ABOUT THIS EXERCISE ->
Say how many lines in the entries hold the string "from", giving the number by itself.

(Caption-style text data)
+ + + + + + +
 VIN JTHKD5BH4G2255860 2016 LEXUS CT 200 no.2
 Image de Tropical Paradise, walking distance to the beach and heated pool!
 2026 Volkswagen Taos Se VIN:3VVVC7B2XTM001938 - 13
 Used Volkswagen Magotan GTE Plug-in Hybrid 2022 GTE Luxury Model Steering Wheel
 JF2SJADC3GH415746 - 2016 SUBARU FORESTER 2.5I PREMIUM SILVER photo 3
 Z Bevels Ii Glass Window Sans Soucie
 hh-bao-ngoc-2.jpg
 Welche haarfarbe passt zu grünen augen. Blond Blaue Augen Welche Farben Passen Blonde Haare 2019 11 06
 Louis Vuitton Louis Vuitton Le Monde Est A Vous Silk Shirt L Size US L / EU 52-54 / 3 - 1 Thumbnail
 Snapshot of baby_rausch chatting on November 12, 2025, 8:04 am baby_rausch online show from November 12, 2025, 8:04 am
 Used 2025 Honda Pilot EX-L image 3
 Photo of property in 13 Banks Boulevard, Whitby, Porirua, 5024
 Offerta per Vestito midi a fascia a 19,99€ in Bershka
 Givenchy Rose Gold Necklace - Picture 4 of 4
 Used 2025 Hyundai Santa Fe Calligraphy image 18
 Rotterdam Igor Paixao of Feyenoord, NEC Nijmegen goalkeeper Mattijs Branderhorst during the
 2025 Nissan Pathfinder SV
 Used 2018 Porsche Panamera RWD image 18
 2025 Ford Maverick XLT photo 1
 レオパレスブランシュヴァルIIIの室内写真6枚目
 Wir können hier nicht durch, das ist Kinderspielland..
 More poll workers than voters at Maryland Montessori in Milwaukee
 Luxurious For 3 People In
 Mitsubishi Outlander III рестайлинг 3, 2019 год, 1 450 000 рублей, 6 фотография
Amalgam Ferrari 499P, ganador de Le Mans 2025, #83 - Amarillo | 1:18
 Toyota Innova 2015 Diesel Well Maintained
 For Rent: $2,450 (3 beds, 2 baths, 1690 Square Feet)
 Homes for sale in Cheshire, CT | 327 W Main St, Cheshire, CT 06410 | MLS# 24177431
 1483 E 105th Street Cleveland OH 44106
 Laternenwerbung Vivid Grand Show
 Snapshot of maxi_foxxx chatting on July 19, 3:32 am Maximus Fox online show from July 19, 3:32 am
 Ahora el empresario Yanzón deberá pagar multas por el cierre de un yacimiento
+ + + + + + +
OUTPUT FOR THIS EXERCISE ->
2